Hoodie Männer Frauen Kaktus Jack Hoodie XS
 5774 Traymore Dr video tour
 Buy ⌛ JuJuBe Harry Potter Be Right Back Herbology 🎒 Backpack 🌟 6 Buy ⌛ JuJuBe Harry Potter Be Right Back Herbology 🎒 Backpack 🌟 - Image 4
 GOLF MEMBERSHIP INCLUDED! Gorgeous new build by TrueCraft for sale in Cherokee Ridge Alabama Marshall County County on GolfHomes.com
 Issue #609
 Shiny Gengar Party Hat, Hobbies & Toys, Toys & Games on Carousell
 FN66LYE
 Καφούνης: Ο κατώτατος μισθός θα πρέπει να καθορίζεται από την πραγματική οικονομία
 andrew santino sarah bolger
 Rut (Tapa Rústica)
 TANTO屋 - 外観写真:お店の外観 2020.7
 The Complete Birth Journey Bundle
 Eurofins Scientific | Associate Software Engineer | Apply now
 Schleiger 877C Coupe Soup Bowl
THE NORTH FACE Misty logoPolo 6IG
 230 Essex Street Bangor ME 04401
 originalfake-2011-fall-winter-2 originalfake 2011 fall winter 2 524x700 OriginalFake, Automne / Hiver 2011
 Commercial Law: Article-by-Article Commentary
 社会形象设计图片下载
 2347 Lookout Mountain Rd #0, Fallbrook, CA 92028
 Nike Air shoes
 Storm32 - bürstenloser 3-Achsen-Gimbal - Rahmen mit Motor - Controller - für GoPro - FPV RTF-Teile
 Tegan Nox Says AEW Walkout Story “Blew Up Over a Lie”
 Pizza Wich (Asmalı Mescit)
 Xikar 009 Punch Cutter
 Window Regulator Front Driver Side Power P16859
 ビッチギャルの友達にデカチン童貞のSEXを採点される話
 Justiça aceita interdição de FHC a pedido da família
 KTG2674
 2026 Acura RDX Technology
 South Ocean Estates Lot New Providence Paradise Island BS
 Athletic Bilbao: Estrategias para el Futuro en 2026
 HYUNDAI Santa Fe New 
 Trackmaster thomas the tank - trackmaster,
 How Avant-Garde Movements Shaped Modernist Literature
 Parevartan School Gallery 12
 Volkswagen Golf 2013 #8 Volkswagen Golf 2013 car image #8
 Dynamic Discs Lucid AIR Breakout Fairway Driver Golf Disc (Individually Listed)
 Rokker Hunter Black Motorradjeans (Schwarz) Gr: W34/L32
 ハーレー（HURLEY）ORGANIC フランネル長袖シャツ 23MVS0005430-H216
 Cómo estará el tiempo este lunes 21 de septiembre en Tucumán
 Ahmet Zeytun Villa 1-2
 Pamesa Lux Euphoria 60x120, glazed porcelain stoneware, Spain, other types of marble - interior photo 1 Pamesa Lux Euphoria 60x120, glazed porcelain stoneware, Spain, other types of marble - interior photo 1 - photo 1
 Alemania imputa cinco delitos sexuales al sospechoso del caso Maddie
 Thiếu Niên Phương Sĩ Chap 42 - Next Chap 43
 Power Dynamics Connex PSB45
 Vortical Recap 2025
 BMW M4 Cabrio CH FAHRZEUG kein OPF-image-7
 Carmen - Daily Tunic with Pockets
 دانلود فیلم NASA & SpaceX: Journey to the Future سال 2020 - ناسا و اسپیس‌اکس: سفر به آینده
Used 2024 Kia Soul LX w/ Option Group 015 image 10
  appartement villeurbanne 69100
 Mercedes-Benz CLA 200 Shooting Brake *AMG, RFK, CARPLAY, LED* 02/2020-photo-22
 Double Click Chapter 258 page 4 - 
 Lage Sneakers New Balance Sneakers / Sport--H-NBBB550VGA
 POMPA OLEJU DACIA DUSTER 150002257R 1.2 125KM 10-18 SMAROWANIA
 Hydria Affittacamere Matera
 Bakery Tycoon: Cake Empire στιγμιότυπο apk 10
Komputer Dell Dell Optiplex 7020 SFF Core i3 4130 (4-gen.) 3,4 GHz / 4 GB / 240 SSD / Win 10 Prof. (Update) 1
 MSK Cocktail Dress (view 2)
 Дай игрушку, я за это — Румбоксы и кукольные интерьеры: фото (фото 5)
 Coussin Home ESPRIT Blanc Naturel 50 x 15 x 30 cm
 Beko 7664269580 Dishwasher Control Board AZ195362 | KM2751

» **EXERCISE BRIEF**
Above are the records; copy exactly the lines from the line with "Used 2024 Kia" through the line with "Hydria Affittacamere Matera", both included.

» **SOLVED PROBLEM**
Used 2024 Kia Soul LX w/ Option Group 015 image 10
  appartement villeurbanne 69100
 Mercedes-Benz CLA 200 Shooting Brake *AMG, RFK, CARPLAY, LED* 02/2020-photo-22
 Double Click Chapter 258 page 4 - 
 Lage Sneakers New Balance Sneakers / Sport--H-NBBB550VGA
 POMPA OLEJU DACIA DUSTER 150002257R 1.2 125KM 10-18 SMAROWANIA
 Hydria Affittacamere Matera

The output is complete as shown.